* **WORK ORDER**: The answer must consist solely of the lines from the one containing "Caderneta Jurassic Park Completa" to the end of the entries below, repeated exactly.
[Opening RECORDS SUPPLIED section]
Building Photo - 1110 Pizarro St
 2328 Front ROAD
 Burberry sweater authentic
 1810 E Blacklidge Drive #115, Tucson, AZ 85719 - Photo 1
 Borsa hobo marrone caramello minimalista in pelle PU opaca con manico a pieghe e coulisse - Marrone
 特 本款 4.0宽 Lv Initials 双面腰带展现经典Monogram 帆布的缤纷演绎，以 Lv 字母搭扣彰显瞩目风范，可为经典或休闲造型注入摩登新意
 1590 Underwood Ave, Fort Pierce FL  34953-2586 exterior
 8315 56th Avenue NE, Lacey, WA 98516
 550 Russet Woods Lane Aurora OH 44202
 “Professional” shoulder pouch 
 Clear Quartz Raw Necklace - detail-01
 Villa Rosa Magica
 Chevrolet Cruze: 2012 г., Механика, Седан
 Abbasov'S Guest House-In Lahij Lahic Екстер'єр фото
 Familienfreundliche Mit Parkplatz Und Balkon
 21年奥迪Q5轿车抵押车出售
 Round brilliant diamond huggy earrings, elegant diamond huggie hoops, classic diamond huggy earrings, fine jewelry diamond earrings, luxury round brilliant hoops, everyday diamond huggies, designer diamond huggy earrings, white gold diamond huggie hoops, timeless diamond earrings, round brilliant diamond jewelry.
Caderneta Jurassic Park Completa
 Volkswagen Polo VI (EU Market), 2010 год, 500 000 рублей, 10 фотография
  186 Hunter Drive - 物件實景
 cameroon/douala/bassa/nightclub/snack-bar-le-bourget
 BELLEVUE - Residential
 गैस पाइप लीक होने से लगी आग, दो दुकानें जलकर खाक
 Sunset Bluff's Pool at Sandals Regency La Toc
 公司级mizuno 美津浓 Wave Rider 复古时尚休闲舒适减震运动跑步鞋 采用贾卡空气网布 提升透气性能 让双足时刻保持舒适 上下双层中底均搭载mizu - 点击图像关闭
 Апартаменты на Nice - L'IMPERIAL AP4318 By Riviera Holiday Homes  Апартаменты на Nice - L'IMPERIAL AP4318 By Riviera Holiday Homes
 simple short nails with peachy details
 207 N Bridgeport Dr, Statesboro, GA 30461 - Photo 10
[Closing RECORDS SUPPLIED section]
* **THE ANSWER**:
Caderneta Jurassic Park Completa
 Volkswagen Polo VI (EU Market), 2010 год, 500 000 рублей, 10 фотография
  186 Hunter Drive - 物件實景
 cameroon/douala/bassa/nightclub/snack-bar-le-bourget
 BELLEVUE - Residential
 गैस पाइप लीक होने से लगी आग, दो दुकानें जलकर खाक
 Sunset Bluff's Pool at Sandals Regency La Toc
 公司级mizuno 美津浓 Wave Rider 复古时尚休闲舒适减震运动跑步鞋 采用贾卡空气网布 提升透气性能 让双足时刻保持舒适 上下双层中底均搭载mizu - 点击图像关闭
 Апартаменты на Nice - L'IMPERIAL AP4318 By Riviera Holiday Homes  Апартаменты на Nice - L'IMPERIAL AP4318 By Riviera Holiday Homes
 simple short nails with peachy details
 207 N Bridgeport Dr, Statesboro, GA 30461 - Photo 10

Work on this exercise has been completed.